Charting progress from Golda to Hillary
Limmud FSU conference focuses on scarce roles, advances for women
Israel’s Kiev-born, Milwaukee-raised Prime Minister Golda Meir was the Jewish state’s first and only woman premier.
An exhibit examining her life and leadership was unveiled at the seventh Limmud FSU conference, an event for Russian-speaking Jews from the New York metropolitan area that drew more than 1,000 participants from around the country, about 100 from New Jersey. The dearth of women’s leadership was a significant theme of the conference, held April 1-3 at the Sheraton Parsippany Hotel. It featured some 100 presenters, including academics, educators, entrepreneurs, journalists, politicians, and artists from the former Soviet Union, Europe, the United States, and Israel.
While a Jewish woman has not been at Israel’s helm since 1974, when Meir resigned from office following the difficult Yom Kippur War, progress has been made with the status of women in Israel since that time, according to Ambassador Colette Avital, a conference presenter and a panelist at the closing session, “Where Are All the Women Leaders?”
In an interview with NJJN the evening before, Avital, the former Israeli consul general in New York and Knesset House deputy speaker, discussed the progress and room for growth in improving the status of women in Israel.
When she entered the Knesset in 1999, there were nine women members, said Avital, who is now director-general of the Educational Center at the Berl Katznelson Foundation and head of the Center of Organizations of Holocaust Survivors in Israel. “Today there are almost 30,” she said, and “there are many more women involved with politics.”
Women are serving as heads of political parties and as ambassadors in the Foreign Ministry. Notably, a woman, Miriam Naor, serves as president of Israel’s Supreme Court, and scientist Ada Yonath was the 2009 Nobel Prize winner in chemistry. “The whole discourse is different,” Avital said.

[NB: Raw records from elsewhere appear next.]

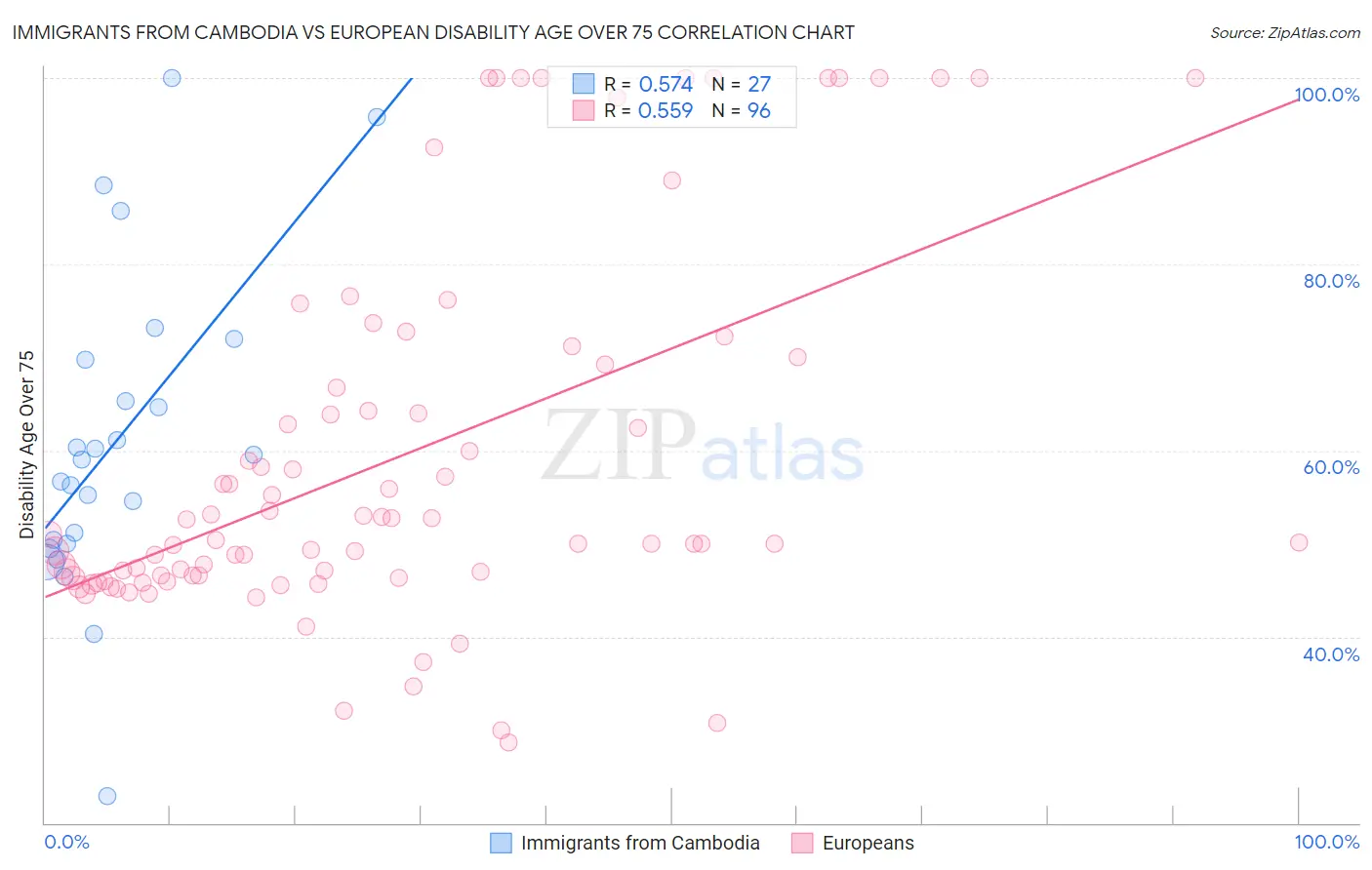 Immigrants from Cambodia vs European Disability Age Over 75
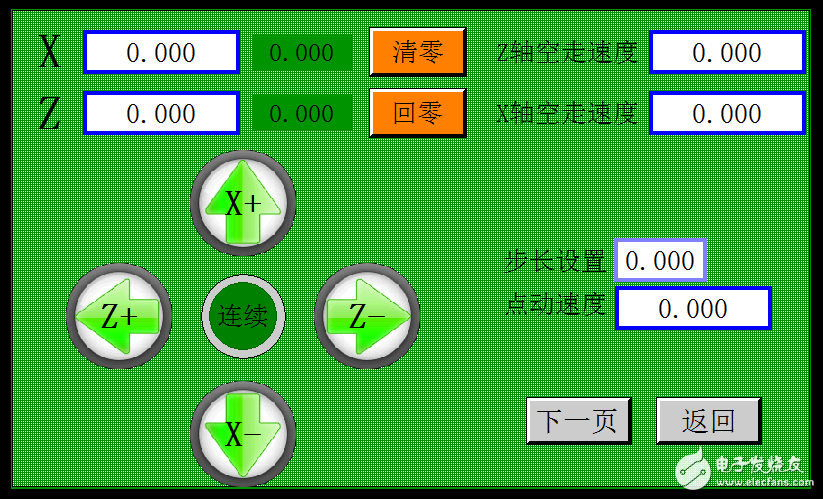 基于維控HMI+PLC控制自動磨床的實現(xiàn)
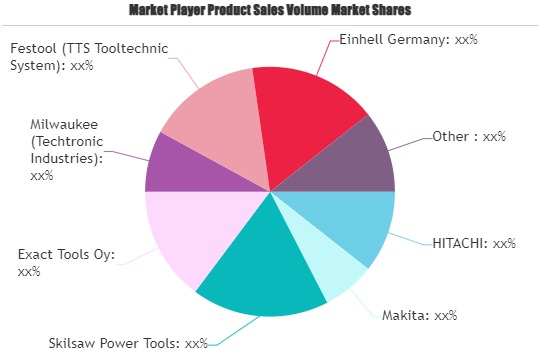 Handheld Circular Saws Market'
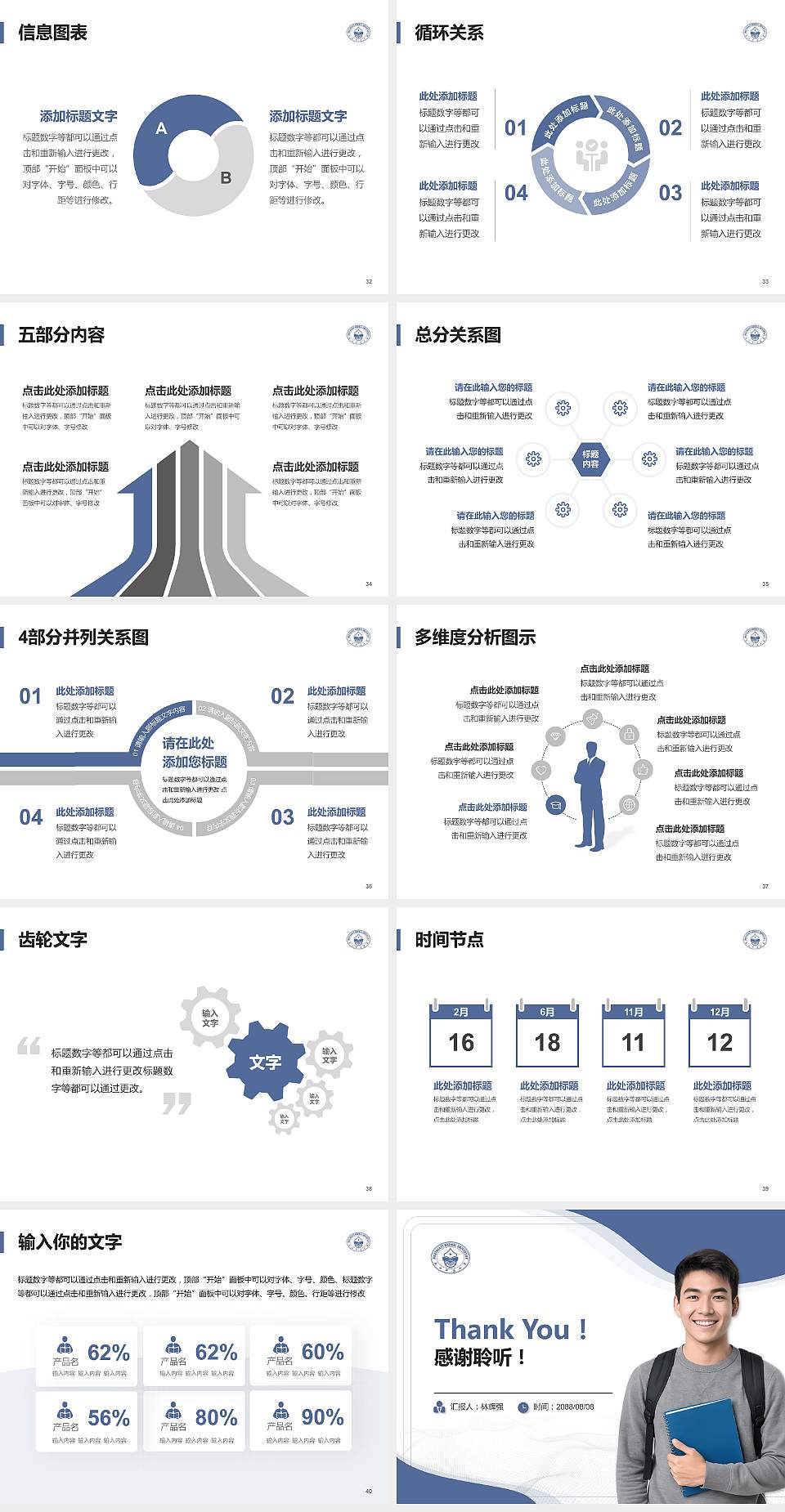 东北师范大学大学生职业生涯规划书PPT模板下载4:3格式幻灯片预览图5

Two factors are holding back women in Israel in society, said Avital. One is the ultra-Orthodox establishment, which determines matters of personal status such as divorce and marriage. The other is the male-dominated Israel Defense Forces, in which women have had limited progress in moving through the ranks.
But Avital is encouraged by advances in the area of prevention and punishment of sexual harassment. “Women have spoken out much more” against their perpetrators, and men in top positions — including eight or nine political heads — are losing their jobs for inappropriate acts or comments.

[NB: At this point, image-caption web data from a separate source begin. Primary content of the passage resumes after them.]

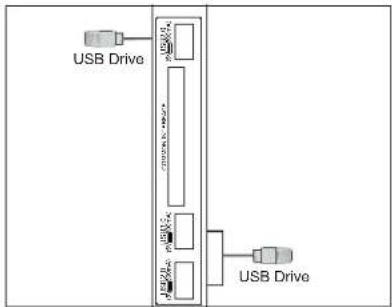 Terris UHD 4982 - USB-Anschlüsse - 1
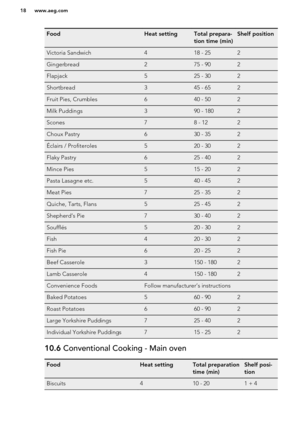 Page 18FoodHeat settingTotal prepara-
tion time (min)Shelf positionVictoria Sandwich418 - 252Gingerbread275 - 902Flapjack525 - 302Shortbread345 - 652Fruit Pies, Crumbles640 - 502Milk Puddings390 - 1802Scones78 - 122Choux Pastry630 - 352Éclairs / Profiteroles520 - 302Flaky Pastry625 - 402Mince Pies515 - 202Pasta Lasagne etc.540 - 452Meat Pies725 - 352Quiche, Tarts, Flans525 - 452Shepherd’s Pie730 - 402Soufflés520 - 302Fish420 - 302Fish Pie620 - 252Beef Casserole3150 - 1802Lamb Casserole4150 - 1802Convenience...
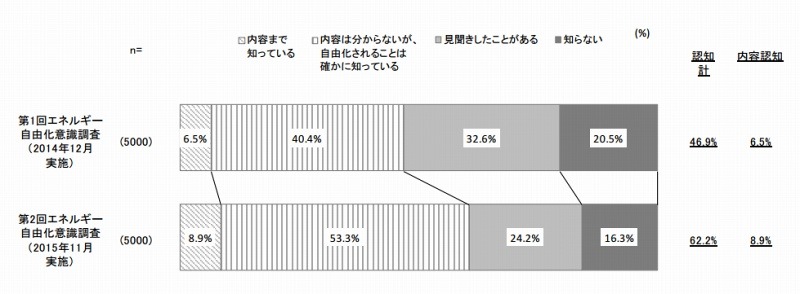 電力自由化に関する認知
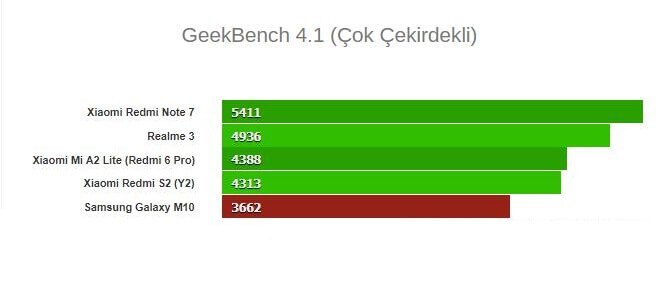 Samsung Galaxy M10 İncelemesi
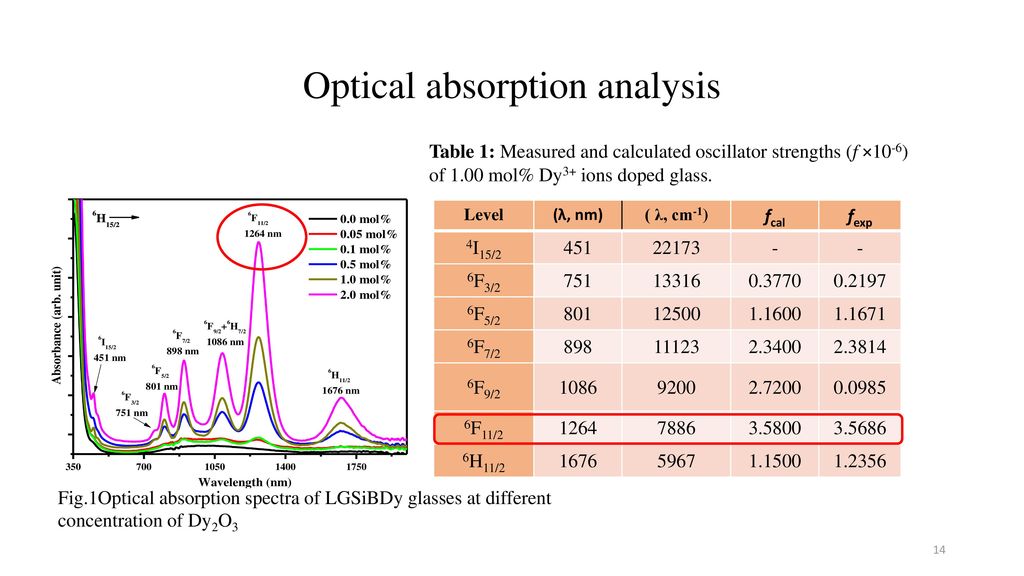 Optical absorption analysis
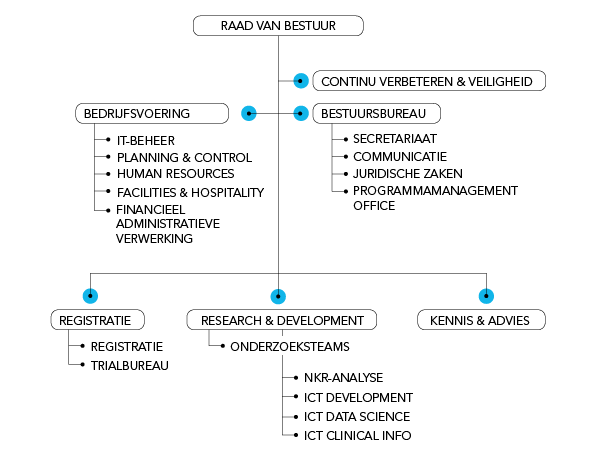 organigram-zonder-namen_2026-(2).png organigram-zonder-namen_2026-(2).png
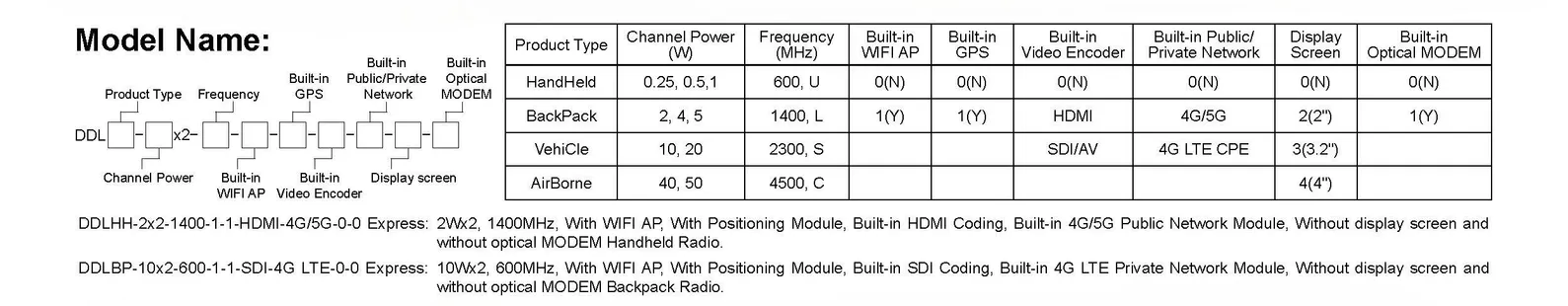 DDLmesh Series of Wireless Digital Data Link of Handheld Radio&Backpack Radio (DDLmesh Series of Wireless Digital Data Link of Handheld Radio&Backpack Radio) là một hệ thống kết nối dữ liệu kỹ thuật số không dây 1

And while many more professions are open to women, the discrimination lies more in the wage gap between men and women, which Avital cited as 28 percent, than in the actual hiring process. “The working hours should be more flexible,” she said, noting that more women’s organizations are pushing for such a change. She also said great strides have been made for haredi women, who have entered the workforce — including the high-tech industry — in large numbers.
At the Sunday morning discussion on the shortage of women political leaders, Avital and other women panelists focused on the potential positive impact on U.S.-Israel relations of a Hillary Clinton presidency.
Longtime Clinton supporter and Jewish community leader Susan Stern predicted that if elected, Clinton would foster an “atmosphere of trust” between the two countries and between the White House and Israeli leadership. If Clinton becomes president, Stern said, “there may be disagreement about tactics, but there will always be a clear understanding that the United States will have Israel’s back.”
Avital, for her part, said she believes Israeli Prime Minister Benjamin Netanyahu “would like to mend fences” with the next U.S. administration — a reference to the reported rocky relationship between Netanyahu and President Obama — and, “having followed Hillary’s career, I think she will do likewise. There will be less an atmosphere of antagonism and competition. Relations will be much more relaxed than they are now.”
The panel was moderated by Limmud FSU cofounder Sandra Cahn. Also participating were Lori Palatnik, founding director of the Jewish Women’s Renaissance Project, and Diane Wohl, a philanthropist and Limmud FSU board member.